The Dormitory Authority of the State of New York (DASNY) just published its report on the state’s $200 million cannabis social equity fund, a week after missing a Dec. 30 deadline to make the information public.
The report is less than ideal—it doesn’t answer any questions at all and barely enlightens the public about the details of cannabis equity funding.
It does, however, show how NY State has failed to facilitate a smooth transition to the legal market, and it has now turned into a huge mess with numerous delays and questions about its ability to raise the necessary private funds – something critics have been incredibly vocal about since the program’s inception.
New York State Social Equity
New York State has been working hard to rectify the damage caused by prohibition policies as they worked to introduce a legal cannabis market. Social equity licensing and funding was one attempt to integrate those negatively impacted by the War on Drugs into the regulated market, with equity applicants being the first to receive coveted cannabis licenses.
However, NY State has been criticized for its slow implementation, lack of communication with the public, and overall bureaucratic disorganization—leading business owners and consumers to feel confused and stressed out by the lack of clarity from the government. The DASNY report was intended to clear some of that up, but instead just raised more issues!

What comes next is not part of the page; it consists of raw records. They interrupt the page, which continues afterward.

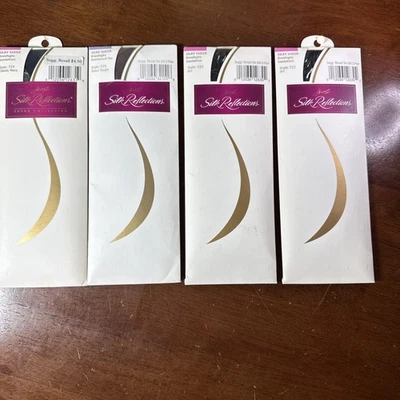 Paquete de 4 hasta la rodilla Hanes Silk Reflections de colección negro topo azul marino estilo 725 775 NUEVO Foto 1 de 4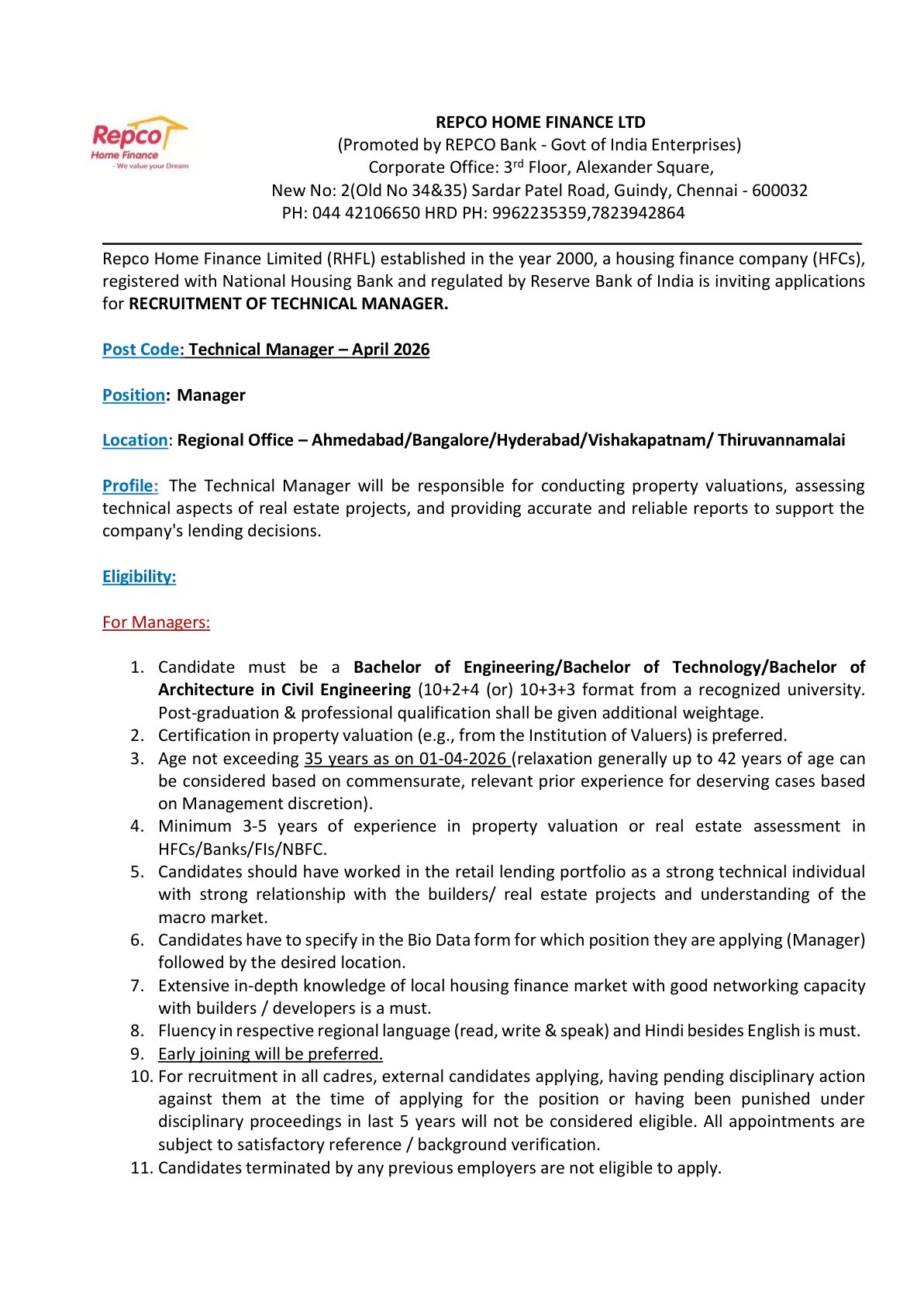 Official Recruitment Notification for RHFL Technical Manager Recruitment 2026 for Manager Role: Eligibility, Locations, Last Date and How to Apply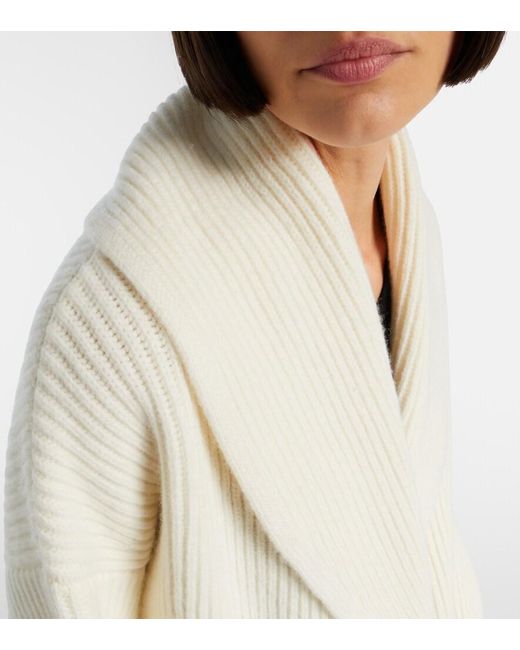 Vince Natural Ribbed-Knit Wool-Blend Jacket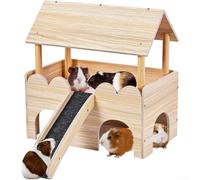 Qualoramall Casetta in legno per piccoli animali domestici con design a due piani e scale per gabbia per criceti e porcellini d'India, colore grigio, materiale naturale, ventilata (stile inclinato)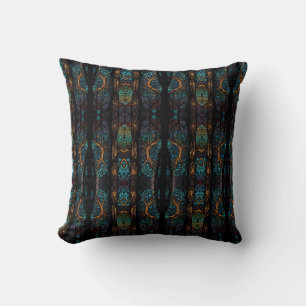 Mystic Forest Mosaic Blue & Black mönster Cushion Kudde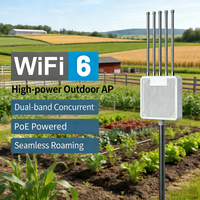 Punto de Acceso WiFi6 para Exteriores AX3000, AP Inalámbrico Empresarial de Alta Potencia, IP67 Resistente al Agua, Estación Base Comercial PoE para Starlink
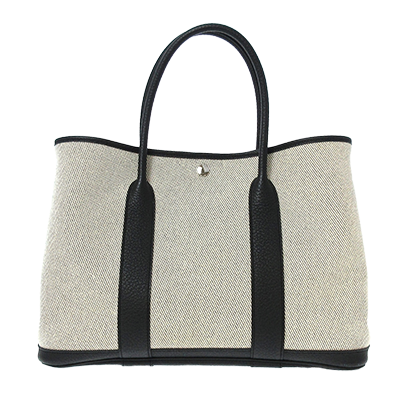 エルメス ガーデンパーティPM 白×黒 トワルアッシュ×レザー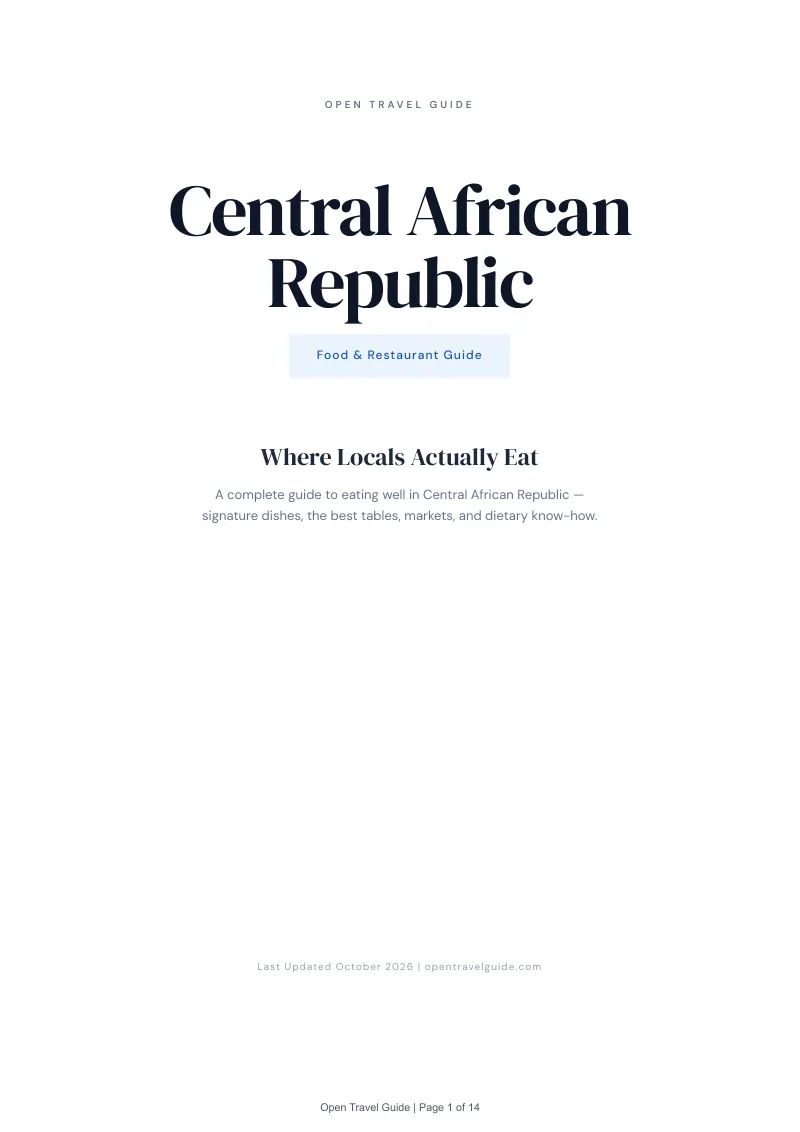 Central African Republic Food & Restaurant Guide: Cover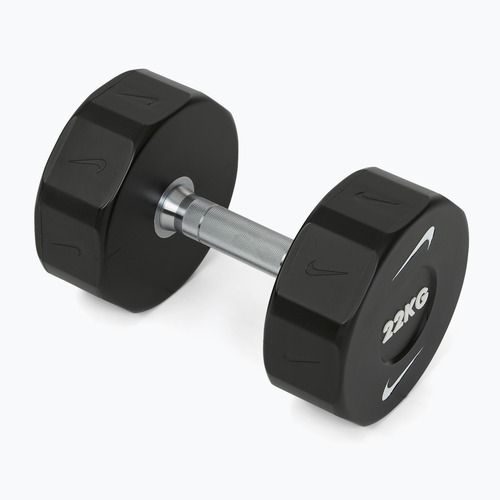 Chrome dumbbell Nike Strength Pro Urethane Dumbbell 22 kg black/white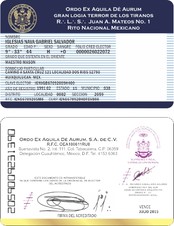 Credencial masonería azul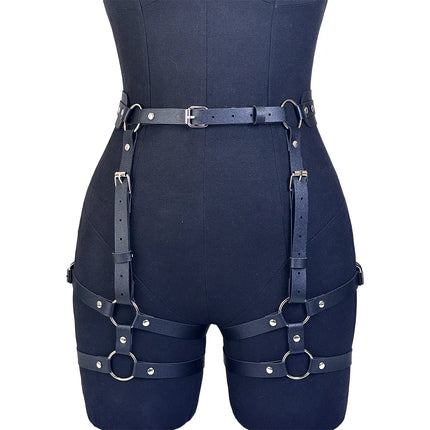 PU Leather Leg Harness Buttock Harness Thigh Leg Harness Women Body Bondage Leather Sexy Leg Harnesses for Women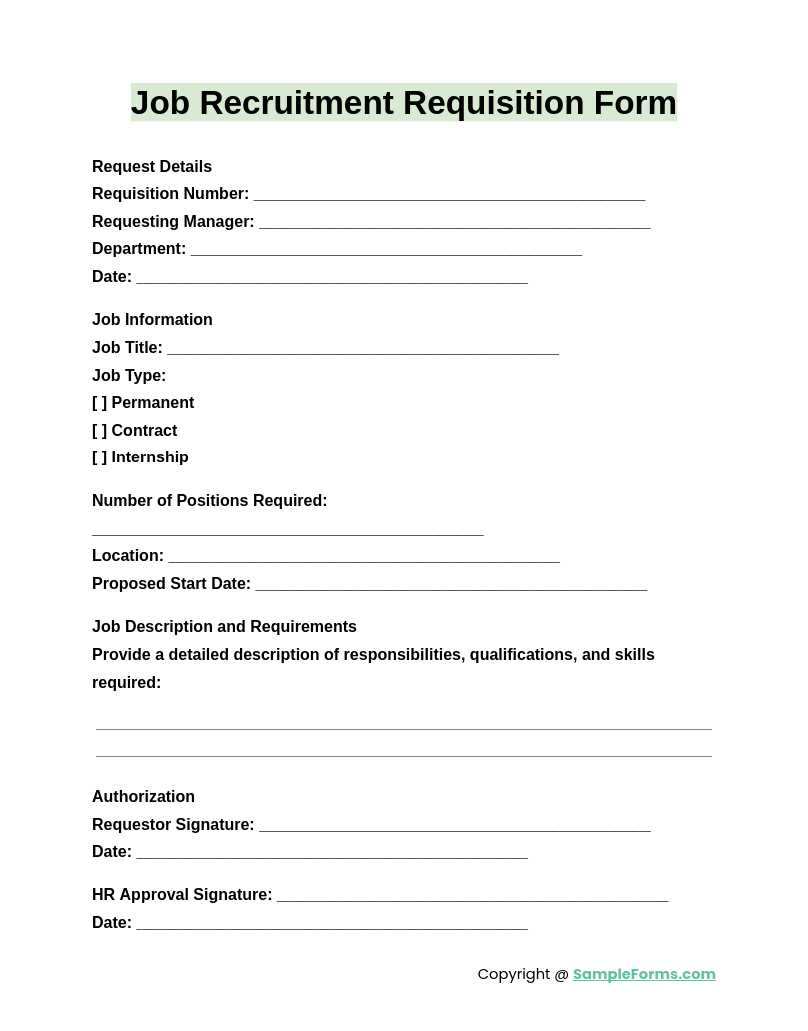 job recruitment requisition form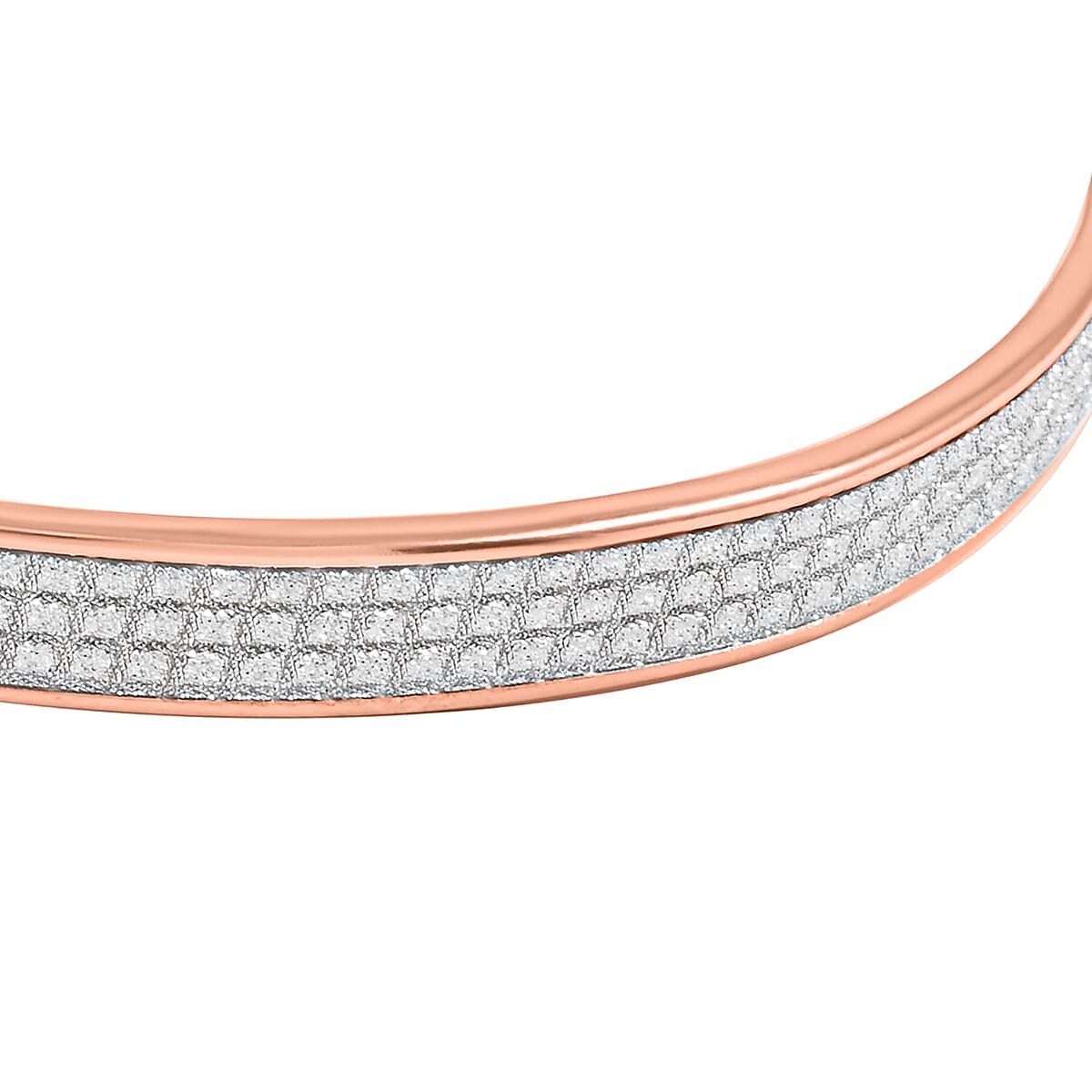 Stardust Bangle Bracelet in 14K Rose Gold Over Sterling Silver (7.50 In) 13.50 Grams image number 2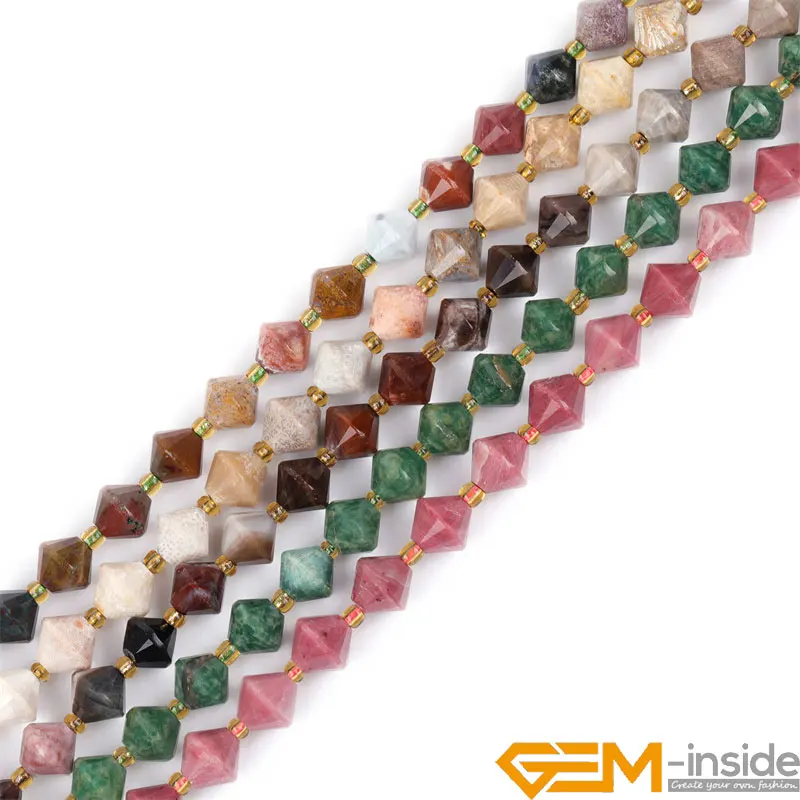 Assorted AAA Grade Faceted Bipyramid Bicone Stone Charms Spacer Loose Beads For Jewelry Making Bracelet DIY 6/8mm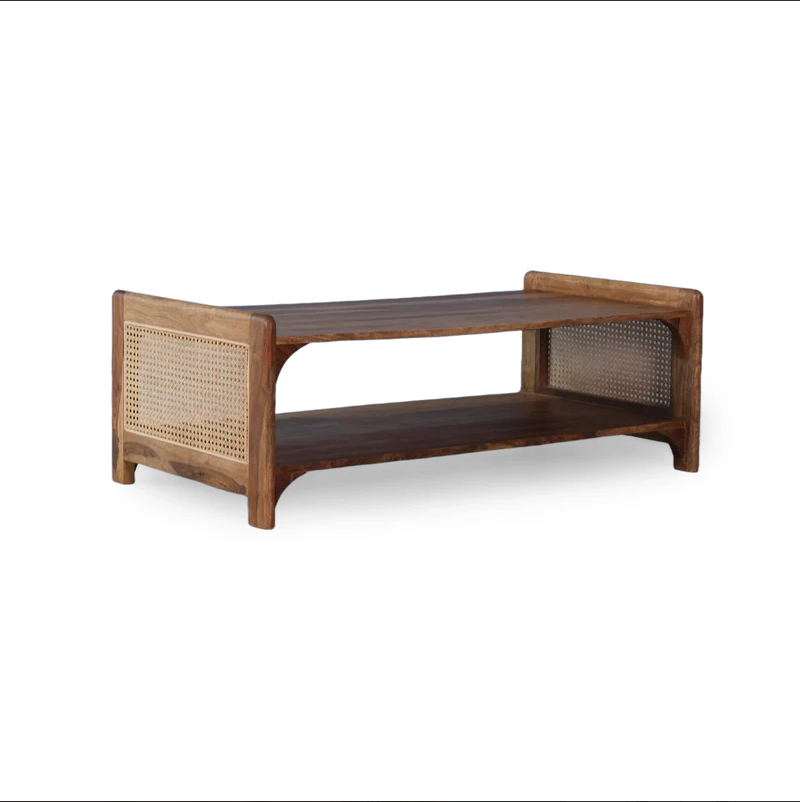 Caffina Solid Wood Rattan Cane One Drawer Coffee Table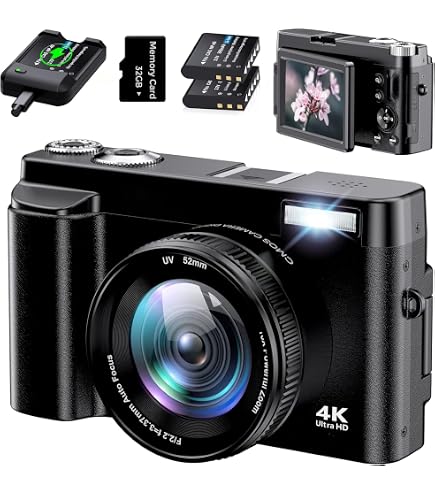 Amazon | Lecnippy 5K デジタルカメラ 光学10倍ズーム 5600万画素 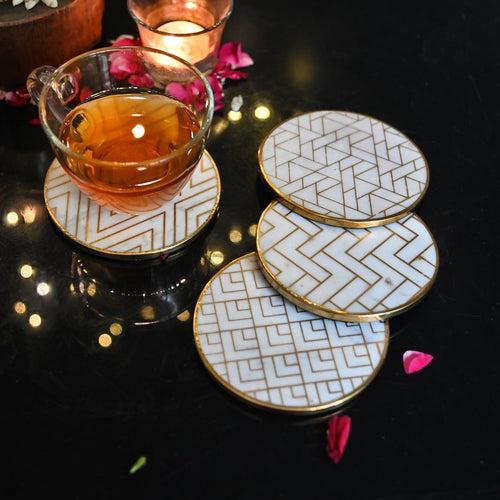 Marble & Brass Coasters - Set of 4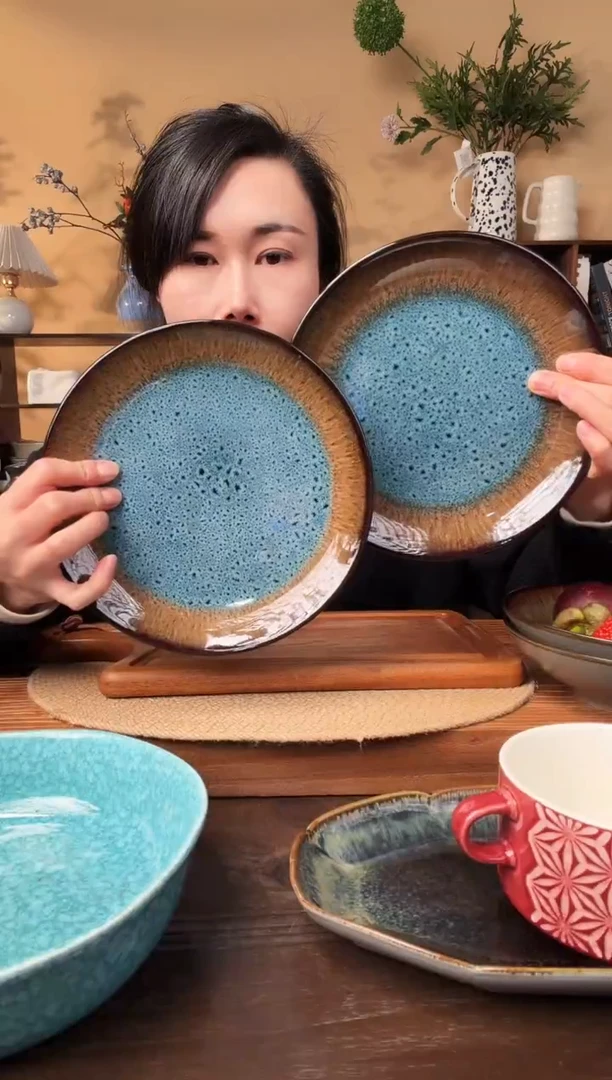 8.5英寸窑变渐变小盘2只微瑕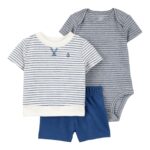 Set 3 piezas Carter’s short azul, remera y body a rayas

The DASNY Report Broken Down
The Dormitory Authority of New York State (DASNY) published its report on New York’s $200 million social equity fund last week—but it didn’t contain much new information.
The report is less than two pages and says nothing the public wasn’t already aware of. The only thing DASNY has done in the past six months is finding potential locations for CAURD storefronts, but even that is up in the air.
DASNY has also ignored a Freedom of Information Law request filed in September by NY Cannabis Insider that would shed light on the fund – and more importantly, the people managing it.
In a Frequently Asked Questions document, DASNY provided a bit more information on their activities for the past ten months.
They said they’ve been working with the Office of Cannabis Management (OCM) to help licensees find locations for their businesses. After the lease is signed and construction begins, OCM will match licensees with locations and provide licensees information about the location, including design renderings and the lease terms.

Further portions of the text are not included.